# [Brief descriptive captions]

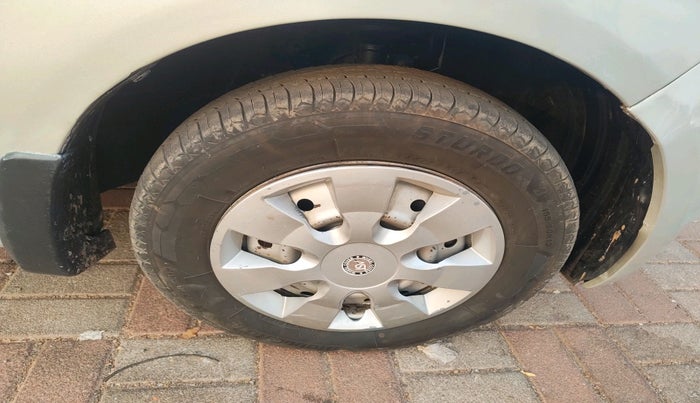 2019 Maruti New Wagon-R LXI CNG 1.0, CNG, Manual, 99,160 km, tyre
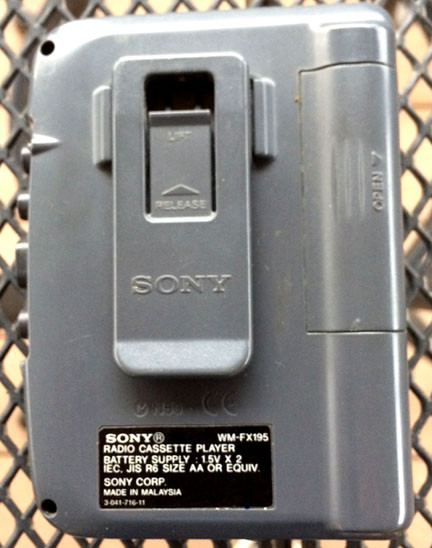 Walkman WM-FX195 Portable Cassette Player AM/FM Radio MegaBass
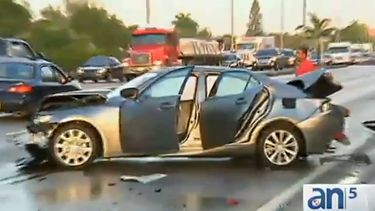 americateve | Se da a la fuga el protagonista de un accidente en el oeste de Hialeah esta mañana. No solo provocó una gran congestión vehicular sino también peleas entre los que se encontraban en el lugar.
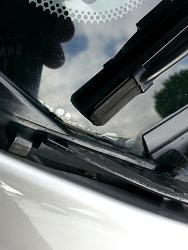 Windshield Delamination-20160908_084419_resized.jpg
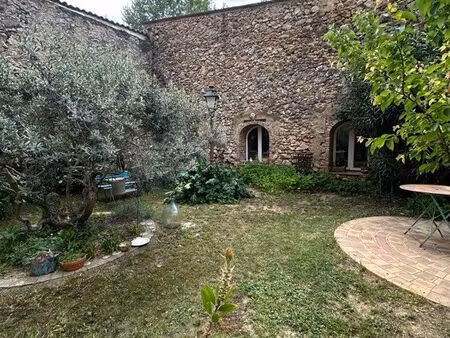 local 464 m² + jardin – centre salernes – atypique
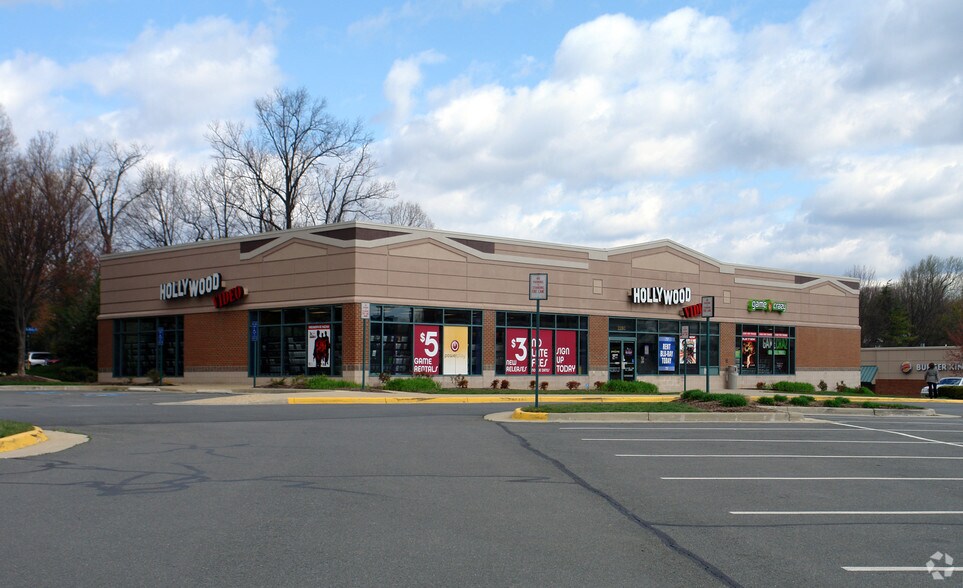 More Photos Of 2204-2280 Hunters Woods Plz, Reston Unknown For Lease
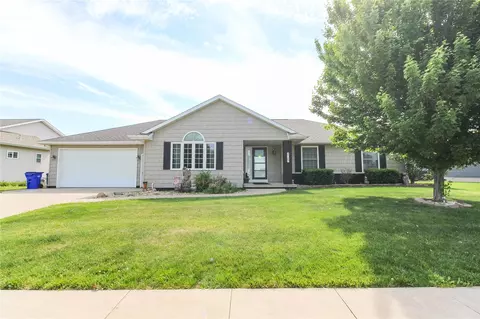 4707 Indian Ridge St SW, Cedar Rapids, IA 52404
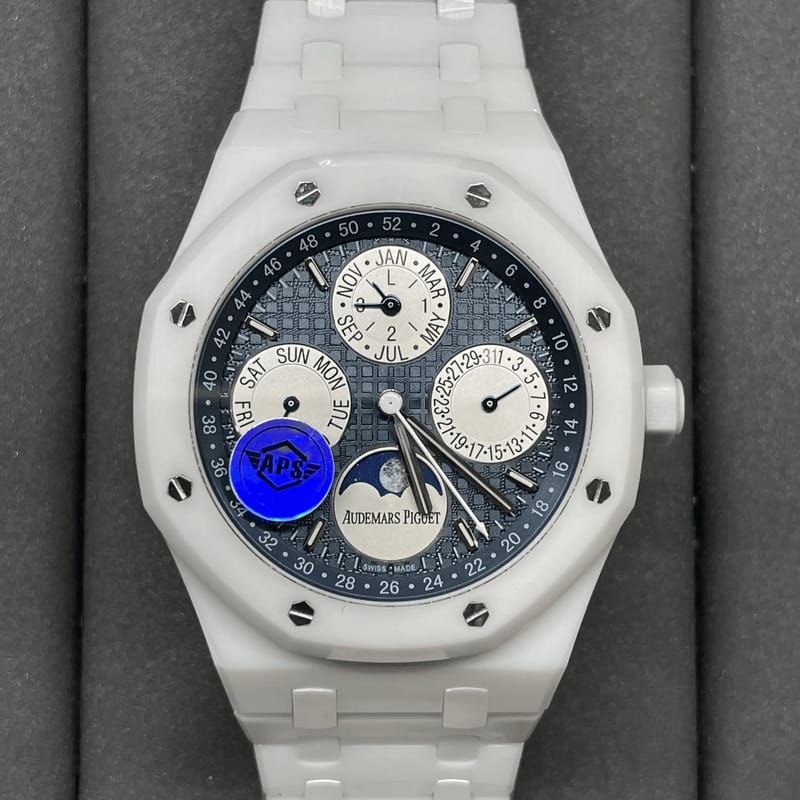 AUDEMARS PIGUET 오데마피게 로얄오크 퍼페츄얼 캘린더 26579 화이트 세라믹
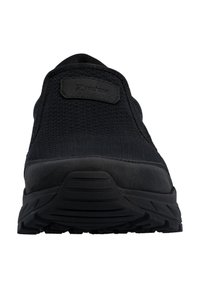 Schwarzer Slip-On-Sneaker mit strukturierter Sohle und Mesh-Obermaterial, Vorderansicht zeigt Markenzeichen auf der Zunge.
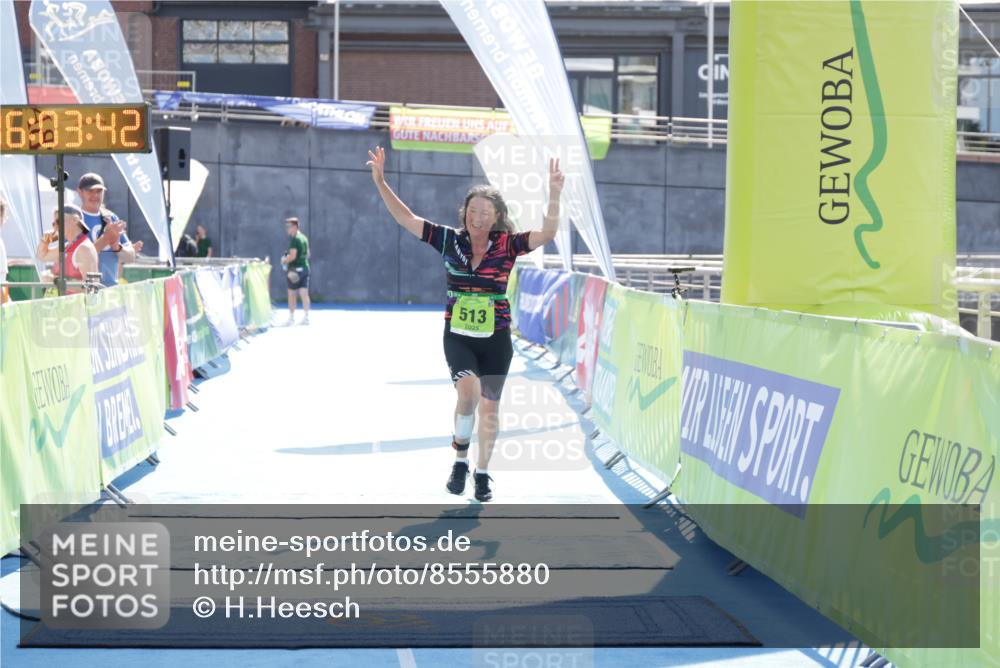 10.08.2025 - GEWOBA Citytriathlon Bremen H.Heesch http://msf.ph/oto/8555880 10.08.2025 16:03:46 Ziel 513 meine-sportfotos.de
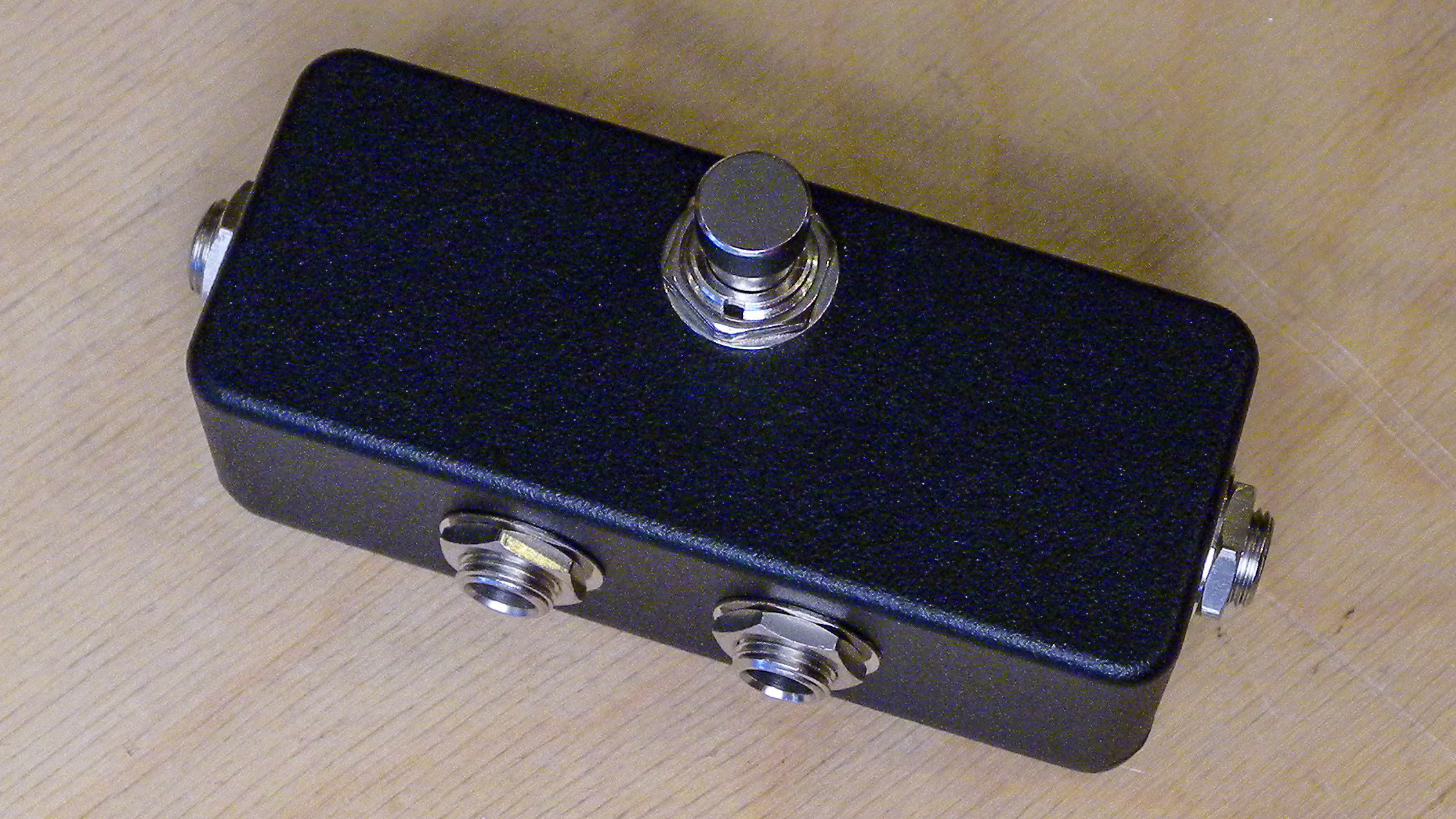 ¡Diseñe este pedal de bypass para apagar sus stompboxes! ¡Diseñe este pedal de bypass para apagar sus stompboxes!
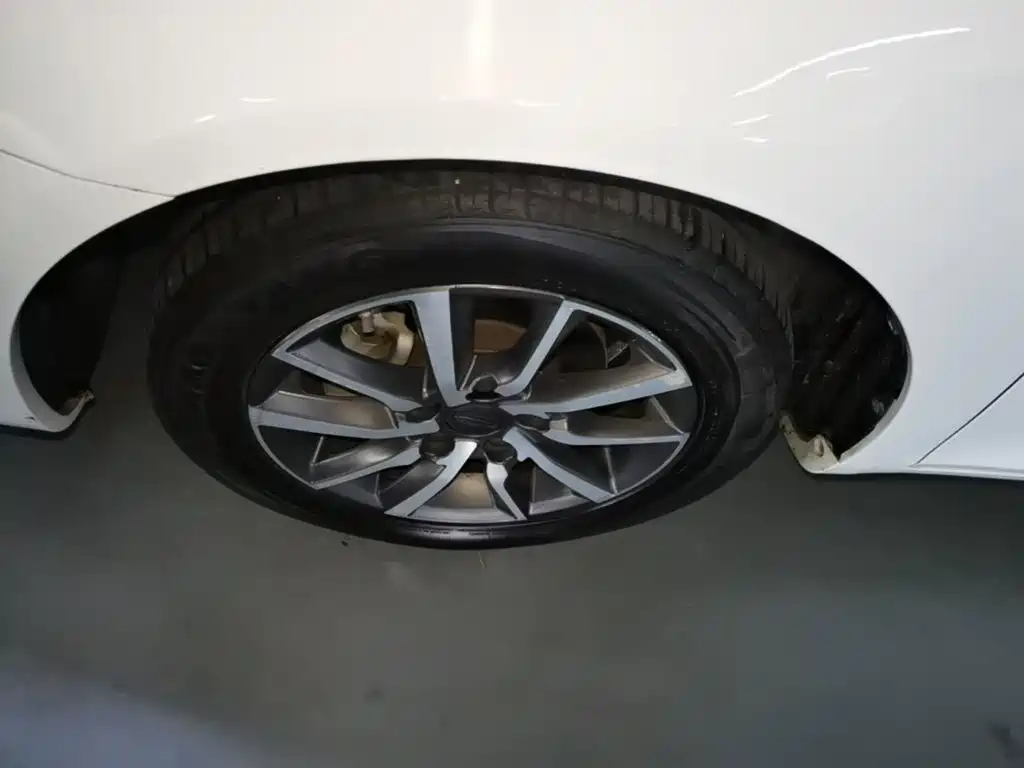 Geely Emgrand — миниатюра 23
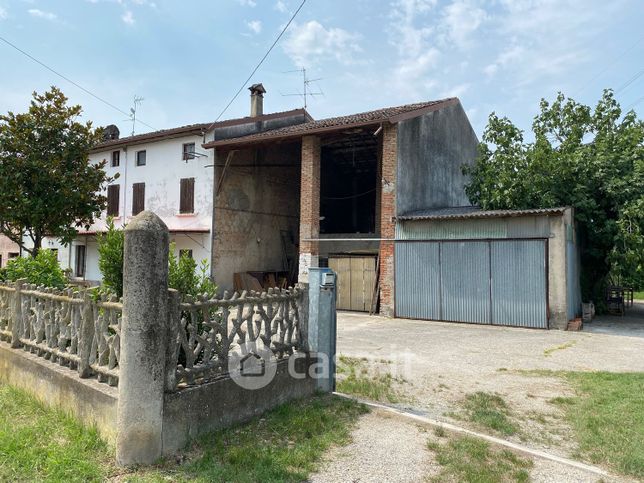 Rustico/casale in residenziale in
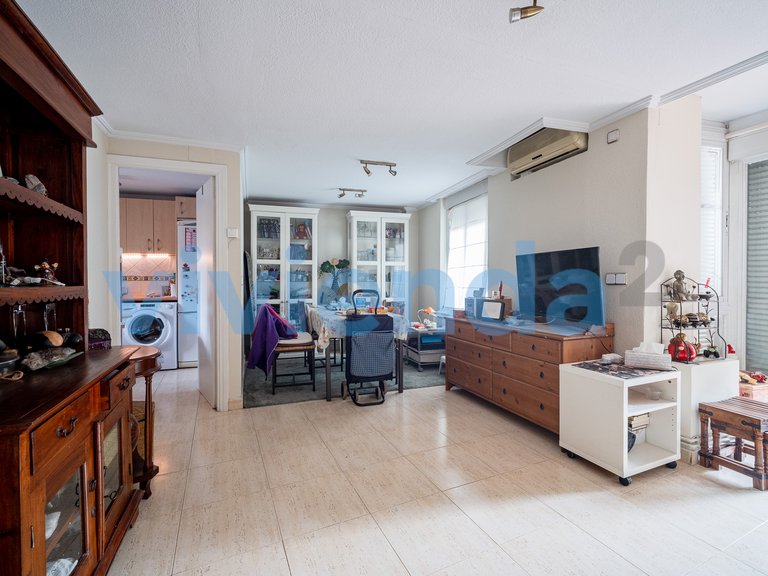 Apartment for Sale in Media Legua, Madrid 19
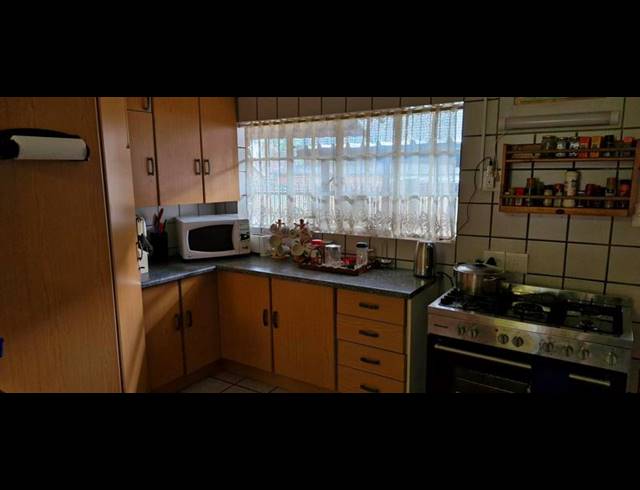 2 BEDROOM HOUSE FOR SALE IN MODIMOLLE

# [INSTRUCTIONS FOR THE TASK]
Would you set down only the lines above from the line with "Walkman WM-FX195 Portable" to the line with "More Photos Of", both included, exactly as they stand and without the pictures?

# [RESPONSE TO THIS EXERCISE]
 Walkman WM-FX195 Portable Cassette Player AM/FM Radio MegaBass
 americateve | Se da a la fuga el protagonista de un accidente en el oeste de Hialeah esta mañana. No solo provocó una gran congestión vehicular sino también peleas entre los que se encontraban en el lugar.
 Windshield Delamination-20160908_084419_resized.jpg
 local 464 m² + jardin – centre salernes – atypique
 More Photos Of 2204-2280 Hunters Woods Plz, Reston Unknown For Lease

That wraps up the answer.